インフォマートの開発部門で様々なサービスの開発や改修を担う社員たちが、時に技術力の向上のために、時に自らの楽しみのために、開発界隈で話題の○○を体験し、レポートするリレー企画です。
今回は、DevOps Rapid Application開発部 廣瀬がレポートを担当します。


■はじめに

こんにちは、プロダクト開発チームでスクラムマスターをしています、廣瀬です。今年の1月よりアジャイルでの開発が始まり、スクラムマスターを務めることとなりました。私自身はアジャイルでの開発経験がなく、現在まで有識者の支援を受けながらスクラムマスターの責務や振る舞いを日々学習しながら楽しんでいます。

■概要

今回は私のチームで実際に使用している、スプリントプランニングのアジェンダのテンプレートを紹介します。スクラムイベントのアジェンダのテンプレートはあまり公開されていないため、参考になれば幸いです。
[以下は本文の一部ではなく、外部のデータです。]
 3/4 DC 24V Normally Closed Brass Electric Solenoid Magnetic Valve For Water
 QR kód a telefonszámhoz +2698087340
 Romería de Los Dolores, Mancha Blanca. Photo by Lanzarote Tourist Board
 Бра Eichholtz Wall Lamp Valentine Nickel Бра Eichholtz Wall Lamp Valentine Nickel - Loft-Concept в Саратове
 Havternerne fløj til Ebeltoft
テンプレートは2月頃に作成して、随時改善してブラッシュアップされています。2週間スプリントで稼働しているため、それに合わせたテンプレートとなっていることはご了承ください。

アジェンダのテンプレートを作成した契機は、当時、以下のことがチームの課題に上がったためです。
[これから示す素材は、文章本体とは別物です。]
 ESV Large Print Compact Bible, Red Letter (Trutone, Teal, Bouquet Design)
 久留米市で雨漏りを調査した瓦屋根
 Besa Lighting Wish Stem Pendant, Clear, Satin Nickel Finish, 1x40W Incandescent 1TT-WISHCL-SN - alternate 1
・SM(私)含めて全員がアジャイル開発の経験がないため、スクラムへの理解が浅い。そのため、スクラムイベントの目的がわからず、うまく機能しない。
・Notionを導入し始めたため、テンプレートの機能を使いたかった。
・プランニングで今なにをしているか、次になにをするか、どうなったらゴールかの認識が揃っていなかった。

■テンプレート紹介

以下がテンプレートとなります。
テンプレートには、以下で紹介するスプリントプランニングのタイムボックス以外にも、今回のスプリントについての事前質問欄や、タスクボードのリンクを貼っていますが、ここでは割愛します。
 
タイムボックス
1部 何をするかを明確にする(ALL) 40分
完了条件は以下の質問への回答ができること。
・このスプリントゴールが新聞の見出しになったら、どのような見出しになるか?
・このスプリントにおけるチーム編成は?
・このチームの最大キャパシティはどれくらいか?
・最もビジネス価値の高いプロダクトバックログアイテムはどれか?
・これらのプロダクトバックログアイテムに関する(技術的、政治的、文化的)懸念事項は何か?
・チームにとってその他の懸念事項は何か?

  1. (PO)情報共有、今スプリントの価値の説明(10分)

  2. (ALL)キャパシティの確認(5分)

    1. 今スプリントのイベント、休暇予定(PO含む全員)、祝日等を確認。開発に充てられる時間やチームの予定、人数を明確にする

  3. スプリントゴールの仮合意(5分)

    1. (PO)スプリントゴールの提案

    2. (ALL)スプリントゴールの仮合意

  4. プロダクトバックログアイテムの仮合意(5分)

    1. (PO)スプリントに入れたいPBIの提案、優先度の提案

    2. (ALL)スプリントに入れるPBIの仮合意

  5. (ALL)開発者からPOに対して質問(15分)

    1. なぜ開発するのか、スプリントで何ができるのかを開発者が主となり明確にする

    2. 開発の懸念事項を明確にする

休憩 5分

2部 どのように実現するかを明確にする(ALL) 45分
完了条件は以下の質問への回答ができること。
・以上をふまえて、スプリントバックログを形作るストーリーや満足条件、タスク、個々のアイテムの見積もりはどのようなものか?
・選択した作業をどのように成し遂げるのか?

  1. (ALL)開発者の裁量によりPBIの実現方法を計画する(25分)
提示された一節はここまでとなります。